A mais recente decisão é do conselheiro Fabio Camargo que, além de elencar a lista de 16 supostos problemas com a licitação de R$ 1 bilhão, ainda considerou que a prefeitura de Campo Mourão praticou uma manobra administrativa ao lançar um novo edital de licitação — mesmo tendo o TC já determinado anteriormente a suspensão da disputa.
Ao emitir a nova cautelar, Camargo considerou que, mesmo diante da suspensão expressa e vigente da concorrência número 3/24, a prefeitura publicou novo edital com sessão designada para esta segunda-feira (20), cujo objeto “corresponde substancialmente ao mesmo já abrangido pela licitação suspensa”, o que seria uma artimanha para descumprir a ordem do TC.
O conselheiro considerou que o comportamento do município contraria os princípios da boa-fé, da legalidade e da lealdade institucional, podendo, inclusive, ensejar multa pessoal aos responsáveis.

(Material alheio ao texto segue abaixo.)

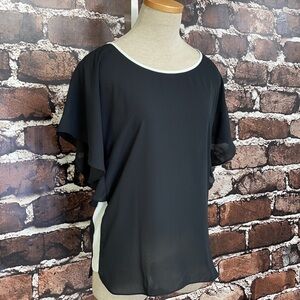 Hotel Particulier Blouse Top Ruffle Sleeve Black Shirt XS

São oito as representações em trâmite na Corte de Contas que questionam a licitação bilionária da prefeitura — atualmente administrada pelo ex-deputado estadual Douglas Fabrício e pela vice Maria de Fatima Claro Nunes, que é esposa do secretário de Agricultura, Márcio Nunes.

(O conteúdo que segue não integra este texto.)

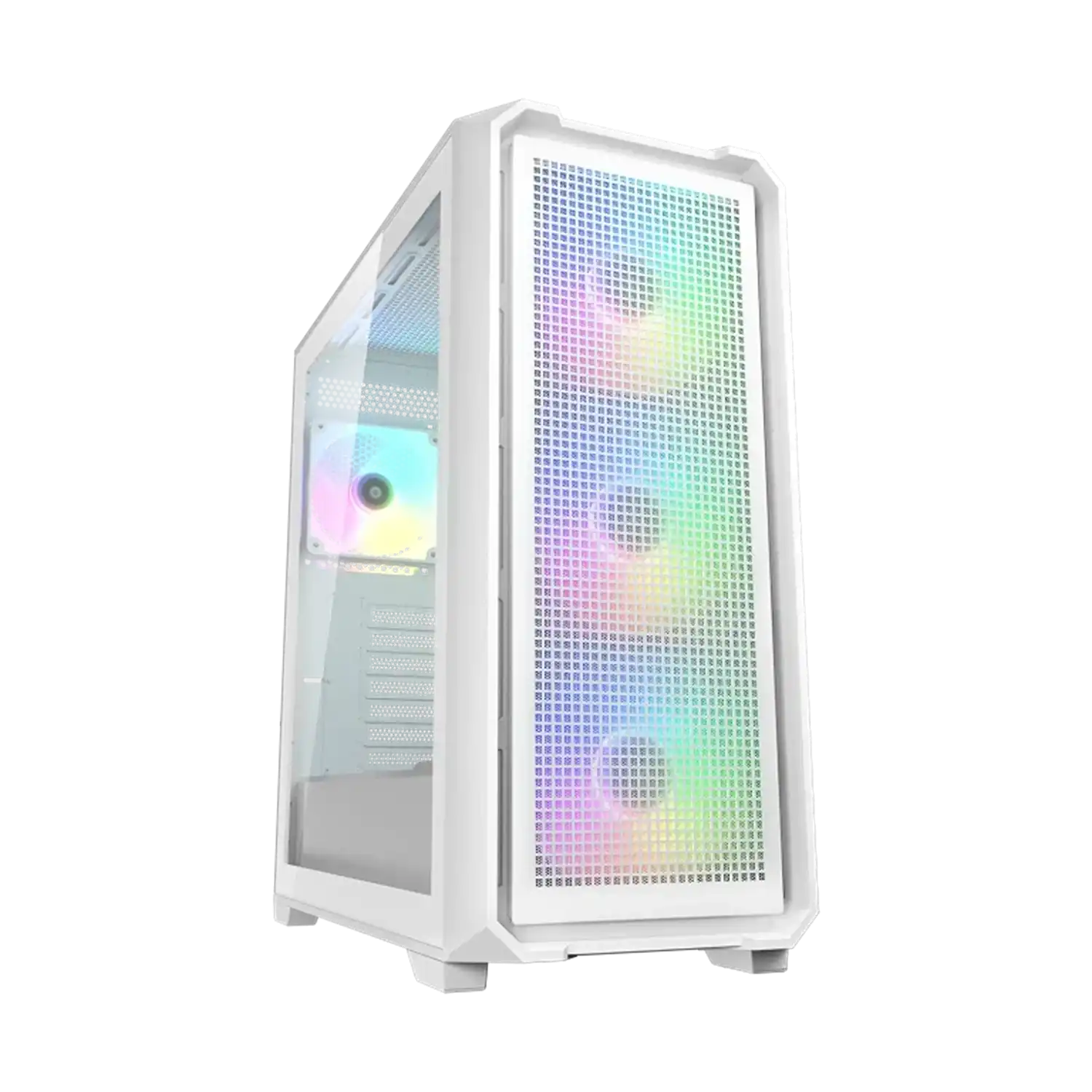 COUGAR MX600 Air White mid-tower gaming PC case front angle with ARGB fans-tpstech.in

Além da indisponibilidade do Estudo de Viabilidade Técnica e Econômico-Financeira – alvo da primeira medida cautelar -, o conselheiro pontua a possível inexequibilidade do valor máximo global do contrato, no montante de R$ 1.012.349.824,72, e também a restrição à ampla competitividade com cláusulas que inviabilizaria a participação de consórcios, ausência de exigência de Licenças de Operação Ambiental vigentes, expedida pelo Instituto Água e Terra (IAT), na fase de habilitação, que deveria ser preexistente à assinatura do contrato, dentre outras.
Ainda está sendo questionada a comprovação técnica-operacional, exigida na licitação, da capacidade de execução de serviços por apenas um mês, “apontada como irrisória diante do prazo de 30 anos de vigência da concessão prevista no certame, visto a possibilidade de exigência com quantidades mínimas de até 50%, por um período mínimo de até três anos”.